Monday, January 24, 2011

Teachable Moments

I just listened to (and read) the conversation regarding teachable moments http://edtechtalk.com/node/4899.
The irony of the first half of the talk was that it was an actual "moment" about which they were attempting to discuss--they couldn't get the audio to work and then it was in and out--was fun to listen to :)

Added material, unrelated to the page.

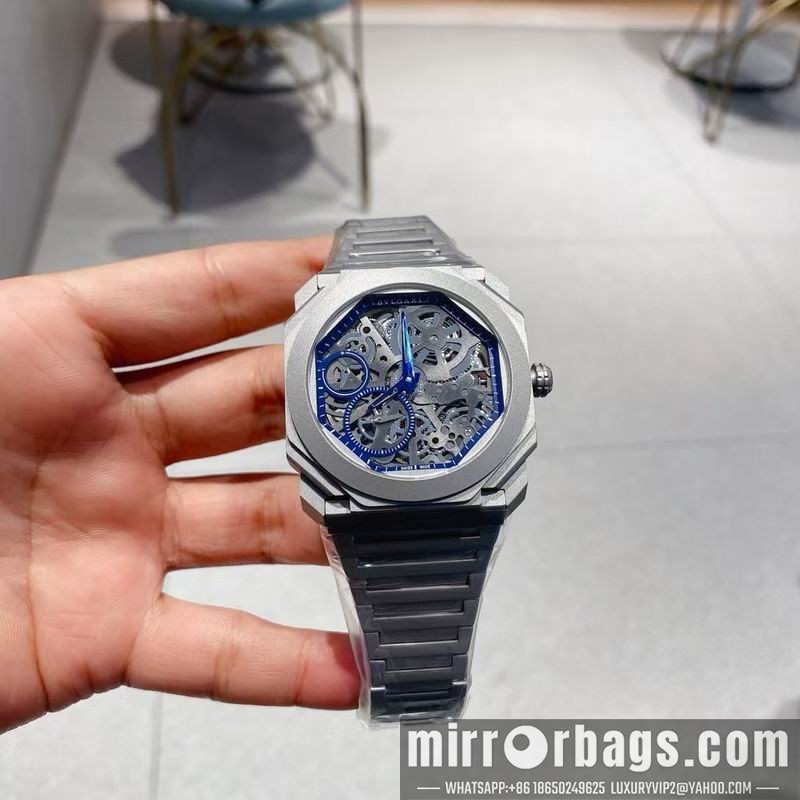 Bvlgari 41mm 091750 Watch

 This has always been a topic that grabs me. I'm always afraid I'm going to miss out on such moments with my own children. I taught 6th grade in the nineties, and had a student share that her dad was in the service and had to leave for an assignment.  The questions started flying--"why does he have to leave?" "why do people fight?" "if they don't want to fight and we don't want to fight--what's the point? Can't they just talk it out?" And I felt overwhelmed--I could have grabbed that "moment" and really gone with it--but I was so scared I would say the wrong thing. One of the women in the recording mentioned that some of her best "teachable moments" were when she didn't have a clue about the answer, and they would research it. Of course hindsight is 20/20, but what a great moment I missed! I remember being in HS when the challenger launched--then exploded. We were watching it live. We were all scared and upset and some of the teachers (I found out later) really went with it. They talked about the scientific side of it, the possibilities about what might have happened--some allowed their kids to come up with ideas about how to help support the families. One teacher just had a talk session about how it made them feel. My algebra teacher asked us to pass in our homework and prepare for our quiz. I remember my hand was shaking so badly that I could barely hold the pencil. I can't remember much else about that day, but that I knew the kids of the people on that ship weren't doing math. That anniversary is upcoming, and it still hits me hard. Other such topics were discussed such as 9/11 and Haiti...I haven't taught in so many years, but I can imagine it takes a sensitive and wise person to be able to grab such an issue and run with it.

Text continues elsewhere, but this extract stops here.